Response strategies and suggestions:

Diversified market: Seeking diversified market strategies, reducing dependence on a single market, and exploring new market channels.

Technological innovation: By means of technological innovation, production costs can be reduced, and the added value and market competitiveness of products can be improved.

Policy coordination: Strengthen policy coordination with relevant countries and regions, and strive for more trade preferences and exemptions.

Supply chain optimization: Optimize supply chain management, reduce supply chain risks, and ensure stable product supply.

It is expected that the Middle East and North Africa will become new hotspots for overseas investment

Based on Trump's claim of "equivalent tariffs" this time, Saudi Arabia and Egypt are at 10%, far lower than Southeast Asian countries. In this situation, Saudi Arabia and other places are expected to become new hotspots for overseas investment.
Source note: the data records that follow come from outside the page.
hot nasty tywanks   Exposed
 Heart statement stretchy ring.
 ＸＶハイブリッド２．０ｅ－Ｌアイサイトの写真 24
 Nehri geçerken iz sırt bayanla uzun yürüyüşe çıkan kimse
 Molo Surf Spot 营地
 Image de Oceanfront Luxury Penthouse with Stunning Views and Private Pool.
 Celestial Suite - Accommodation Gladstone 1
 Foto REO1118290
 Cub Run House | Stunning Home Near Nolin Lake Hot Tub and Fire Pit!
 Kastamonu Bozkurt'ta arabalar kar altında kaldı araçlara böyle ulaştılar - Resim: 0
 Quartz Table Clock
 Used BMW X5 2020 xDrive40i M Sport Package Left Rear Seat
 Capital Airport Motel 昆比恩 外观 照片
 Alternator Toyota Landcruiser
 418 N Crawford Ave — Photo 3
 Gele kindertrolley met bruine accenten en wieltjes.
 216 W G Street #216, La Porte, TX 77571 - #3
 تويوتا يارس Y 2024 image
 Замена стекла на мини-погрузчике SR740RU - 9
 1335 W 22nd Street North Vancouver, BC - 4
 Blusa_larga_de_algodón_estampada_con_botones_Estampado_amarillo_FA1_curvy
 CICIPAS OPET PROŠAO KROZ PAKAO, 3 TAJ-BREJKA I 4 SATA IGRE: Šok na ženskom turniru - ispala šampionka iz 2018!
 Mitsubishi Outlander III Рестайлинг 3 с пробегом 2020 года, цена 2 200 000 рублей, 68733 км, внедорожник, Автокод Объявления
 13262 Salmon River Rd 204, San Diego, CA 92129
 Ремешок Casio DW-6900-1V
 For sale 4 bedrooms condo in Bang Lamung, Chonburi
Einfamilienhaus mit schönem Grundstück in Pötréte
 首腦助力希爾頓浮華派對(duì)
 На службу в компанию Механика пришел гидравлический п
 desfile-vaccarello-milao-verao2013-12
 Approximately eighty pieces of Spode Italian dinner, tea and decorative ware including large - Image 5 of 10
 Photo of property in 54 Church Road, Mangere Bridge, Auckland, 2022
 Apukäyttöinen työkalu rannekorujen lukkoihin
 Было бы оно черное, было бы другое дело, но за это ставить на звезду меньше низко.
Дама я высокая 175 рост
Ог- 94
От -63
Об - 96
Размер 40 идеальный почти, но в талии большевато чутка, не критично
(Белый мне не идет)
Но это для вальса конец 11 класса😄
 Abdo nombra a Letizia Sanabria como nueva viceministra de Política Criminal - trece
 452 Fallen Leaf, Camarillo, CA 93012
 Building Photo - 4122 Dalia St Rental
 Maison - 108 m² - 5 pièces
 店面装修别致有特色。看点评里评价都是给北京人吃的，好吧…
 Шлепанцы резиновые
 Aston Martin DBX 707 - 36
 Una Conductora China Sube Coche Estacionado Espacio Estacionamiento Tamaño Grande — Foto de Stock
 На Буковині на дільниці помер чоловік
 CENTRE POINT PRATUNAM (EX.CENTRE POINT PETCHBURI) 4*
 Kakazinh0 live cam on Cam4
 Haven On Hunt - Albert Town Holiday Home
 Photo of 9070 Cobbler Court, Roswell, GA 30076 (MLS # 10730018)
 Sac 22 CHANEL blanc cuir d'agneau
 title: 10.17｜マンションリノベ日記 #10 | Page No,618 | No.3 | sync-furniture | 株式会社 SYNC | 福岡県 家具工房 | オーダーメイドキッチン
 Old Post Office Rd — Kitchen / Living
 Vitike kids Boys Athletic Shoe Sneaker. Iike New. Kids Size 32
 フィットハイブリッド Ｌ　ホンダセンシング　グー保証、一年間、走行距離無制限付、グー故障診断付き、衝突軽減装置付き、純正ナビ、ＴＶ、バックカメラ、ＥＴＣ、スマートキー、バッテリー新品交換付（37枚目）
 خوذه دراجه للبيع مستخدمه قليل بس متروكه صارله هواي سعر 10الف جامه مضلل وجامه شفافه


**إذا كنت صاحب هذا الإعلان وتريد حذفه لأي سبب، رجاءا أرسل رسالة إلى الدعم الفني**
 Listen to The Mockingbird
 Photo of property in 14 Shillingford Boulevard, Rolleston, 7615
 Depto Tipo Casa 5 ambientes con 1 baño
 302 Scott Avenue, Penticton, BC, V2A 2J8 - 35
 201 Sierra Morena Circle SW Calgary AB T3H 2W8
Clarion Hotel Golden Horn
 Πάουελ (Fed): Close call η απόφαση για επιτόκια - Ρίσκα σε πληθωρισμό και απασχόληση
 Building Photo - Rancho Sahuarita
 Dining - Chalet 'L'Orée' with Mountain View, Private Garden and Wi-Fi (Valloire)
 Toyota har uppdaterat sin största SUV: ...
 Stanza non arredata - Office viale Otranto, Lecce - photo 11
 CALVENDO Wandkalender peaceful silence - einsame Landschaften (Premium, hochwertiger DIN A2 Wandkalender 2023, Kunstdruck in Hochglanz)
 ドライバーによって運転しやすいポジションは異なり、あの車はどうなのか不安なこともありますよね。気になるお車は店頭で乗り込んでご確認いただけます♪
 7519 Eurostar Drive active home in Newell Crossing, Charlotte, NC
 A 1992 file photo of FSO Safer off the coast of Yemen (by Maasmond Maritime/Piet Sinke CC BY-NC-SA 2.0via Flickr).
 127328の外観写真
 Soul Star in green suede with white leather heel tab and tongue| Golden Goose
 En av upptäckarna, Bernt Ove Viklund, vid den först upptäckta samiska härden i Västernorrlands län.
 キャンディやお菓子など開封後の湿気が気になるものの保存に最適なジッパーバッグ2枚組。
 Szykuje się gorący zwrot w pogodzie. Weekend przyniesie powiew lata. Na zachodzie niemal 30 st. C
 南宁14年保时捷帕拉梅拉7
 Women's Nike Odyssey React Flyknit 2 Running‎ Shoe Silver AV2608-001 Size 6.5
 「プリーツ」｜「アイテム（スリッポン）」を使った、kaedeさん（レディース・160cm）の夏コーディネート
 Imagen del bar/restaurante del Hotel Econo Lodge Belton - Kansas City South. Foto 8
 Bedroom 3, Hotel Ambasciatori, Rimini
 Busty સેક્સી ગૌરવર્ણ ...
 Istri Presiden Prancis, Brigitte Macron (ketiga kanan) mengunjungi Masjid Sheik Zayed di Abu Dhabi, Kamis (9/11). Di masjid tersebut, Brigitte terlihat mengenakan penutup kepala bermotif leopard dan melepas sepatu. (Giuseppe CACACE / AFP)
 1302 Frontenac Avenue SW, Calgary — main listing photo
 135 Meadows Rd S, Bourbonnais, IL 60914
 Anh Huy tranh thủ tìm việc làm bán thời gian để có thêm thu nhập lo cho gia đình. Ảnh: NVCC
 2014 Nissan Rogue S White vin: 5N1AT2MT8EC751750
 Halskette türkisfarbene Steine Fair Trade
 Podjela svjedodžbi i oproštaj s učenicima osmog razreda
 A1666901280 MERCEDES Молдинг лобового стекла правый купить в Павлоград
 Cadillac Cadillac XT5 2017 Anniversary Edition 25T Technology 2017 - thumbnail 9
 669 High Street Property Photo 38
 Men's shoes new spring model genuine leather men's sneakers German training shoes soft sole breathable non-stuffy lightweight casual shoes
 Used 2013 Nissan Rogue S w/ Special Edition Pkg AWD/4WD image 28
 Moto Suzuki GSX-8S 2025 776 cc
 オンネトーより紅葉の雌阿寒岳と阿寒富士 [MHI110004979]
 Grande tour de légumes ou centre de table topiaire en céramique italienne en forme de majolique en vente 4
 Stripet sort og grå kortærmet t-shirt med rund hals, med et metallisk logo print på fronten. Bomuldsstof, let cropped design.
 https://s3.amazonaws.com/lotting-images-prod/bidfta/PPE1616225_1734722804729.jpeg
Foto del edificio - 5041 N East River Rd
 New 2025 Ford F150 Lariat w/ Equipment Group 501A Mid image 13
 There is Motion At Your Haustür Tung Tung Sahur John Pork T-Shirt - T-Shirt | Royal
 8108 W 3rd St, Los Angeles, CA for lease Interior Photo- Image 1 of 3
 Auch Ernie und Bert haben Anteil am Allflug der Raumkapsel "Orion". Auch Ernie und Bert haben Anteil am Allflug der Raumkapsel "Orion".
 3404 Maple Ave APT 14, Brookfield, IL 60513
For a considerable period of time in the past, the high prices of crude oil have brought substantial profits to countries in the Middle East. However, excessive dependence on resources and fragile economic structures are common problems in resource exporting countries. At a critical stage of global chemical manufacturing and new energy transformation, Middle Eastern countries are seeking to transition away from dependence on the oil economy. Investment has become the preferred transformation method for Middle Eastern tycoons who hold large sums of money. On the one hand, Middle Eastern countries purchase high-quality assets through their strong financial strength, reducing their dependence on the oil economy in national development. On the other hand, they maintain sufficient influence and discourse power in the fields of chemical new materials and new energy by participating in and controlling core chemical, new energy, and downstream enterprises.

Disclaimer:The Institute of Plastic Research makes every effort to ensure the accuracy of the information, reliability of the data, and objectivity and fairness of the content and viewpoints described herein. However, we do not guarantee the accuracy and completeness of the information. Any losses or legal consequences resulting from actions taken based on this information are the sole responsibility of the individual undertaking them.